**What you are asked to do**: Nothing but the lines from the one holding "Overhead view of Bloody Mary Garnishes" to the final line of the listing below, both included, should be repeated, and each must match exactly. Omit pictures.

**Data to examine**:
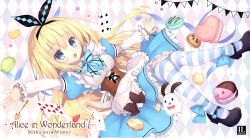 Rule 34 | 1girl, :d, alice (alice in wonderland), alice in wonderland, animal, apron, argyle, argyle background, argyle clothes, black footwear, black ribbon, blonde hair, blue dress, blue eyes, blush, breasts, card, commentary request, dress, food, frilled apron, frilled dress, frills, hair between eyes, hair ribbon, heart, layered sleeves, long hair, long sleeves, looking at viewer, macaron, mary janes, medium breasts, mitha, open mouth, outstretched arm, pantyhose, pennant, playing card, puffy short sleeves, puffy sleeves, rabbit, ribbon, shoes, short over long sleeves, short sleeves, smile, spade (shape), string of flags, striped clothes, striped thighhighs, thighhighs, very long hair, white apron, white rabbit (alice in wonderland)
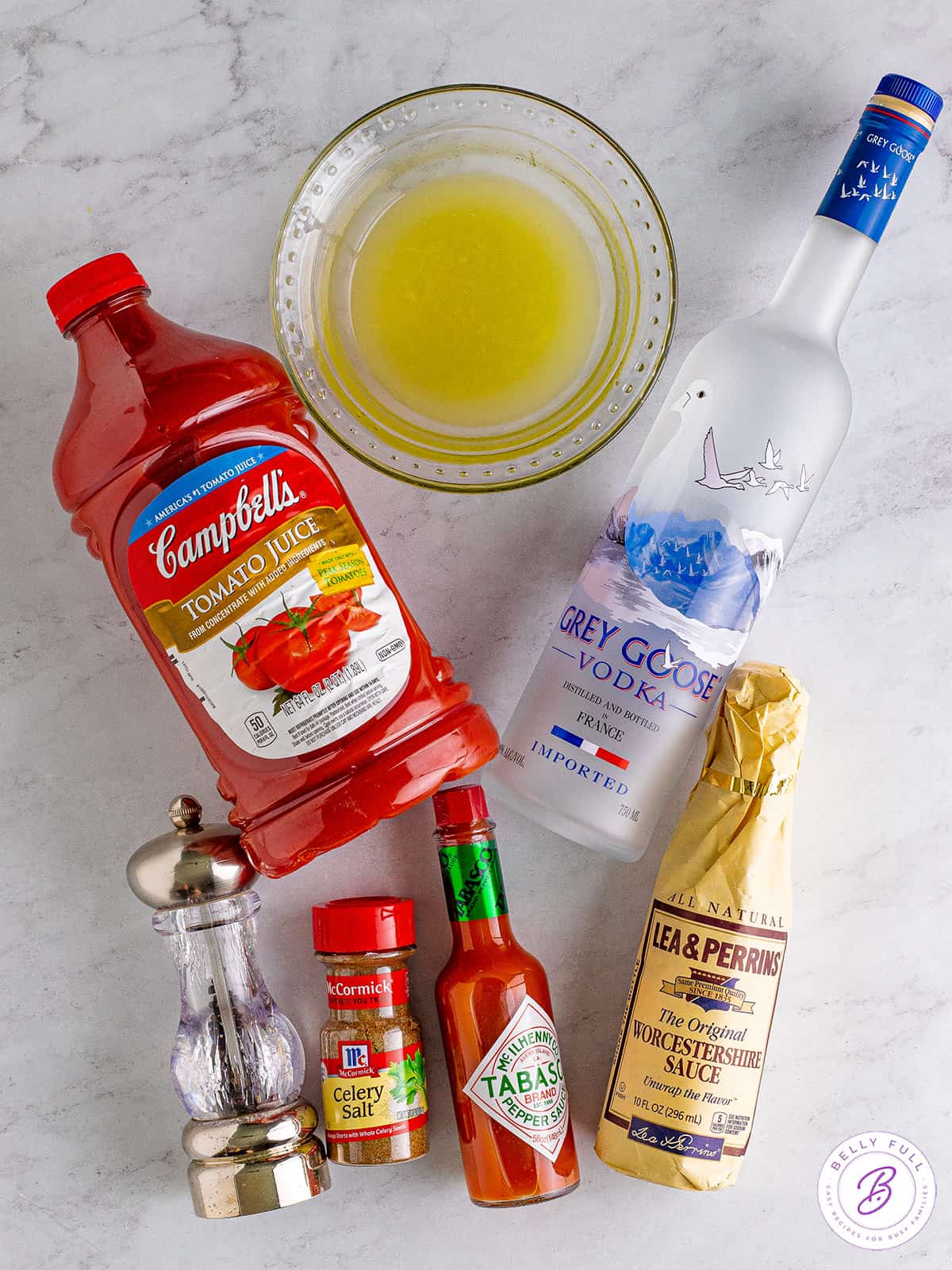 Overhead view of Bloody Mary Garnishes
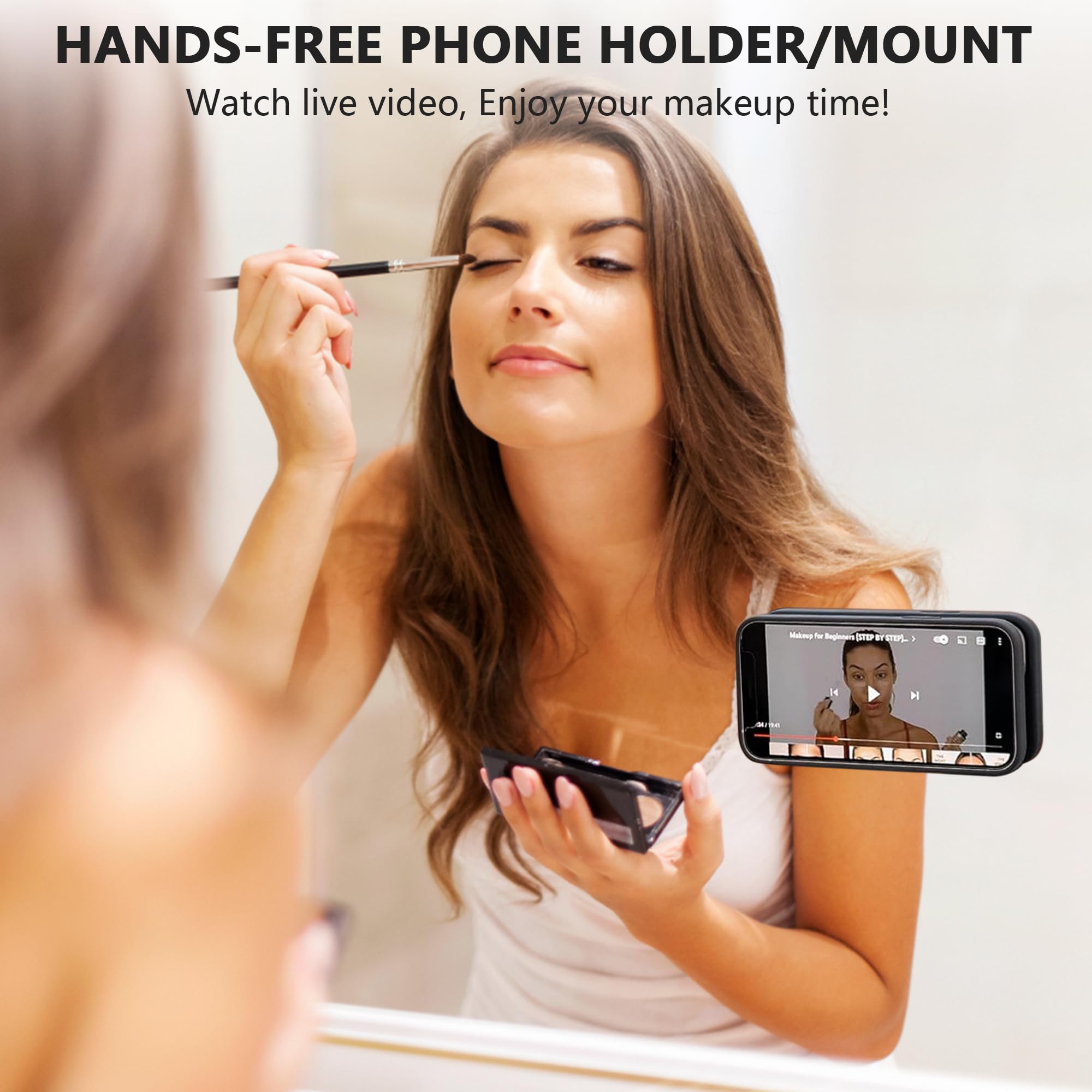 Magnetic Suction Cup Phone Mount for iPhone & Android - Silicone Sticky Grip with Magnetic Ring, Double Sided Suction Phone Holder for Selfies, Videos & TikTok (Pink Floral Design) - Perfect for Car Dashboard, Office Desk & Hands-Free Video Calls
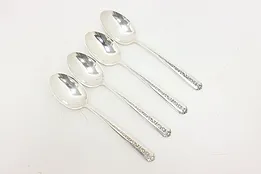 Set of 4 Towle Rambler Rose Sterling Silver Teaspoons #53433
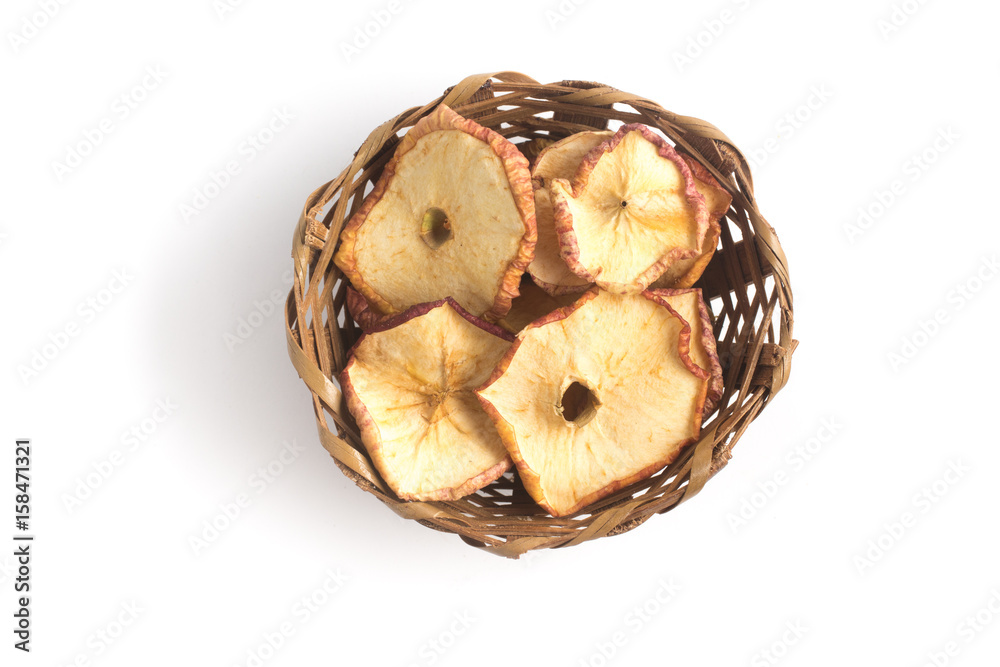 Dried Apple into a Basket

**Exercise solution**:
 Overhead view of Bloody Mary Garnishes
 Magnetic Suction Cup Phone Mount for iPhone & Android - Silicone Sticky Grip with Magnetic Ring, Double Sided Suction Phone Holder for Selfies, Videos & TikTok (Pink Floral Design) - Perfect for Car Dashboard, Office Desk & Hands-Free Video Calls
 Set of 4 Towle Rambler Rose Sterling Silver Teaspoons #53433
 Dried Apple into a Basket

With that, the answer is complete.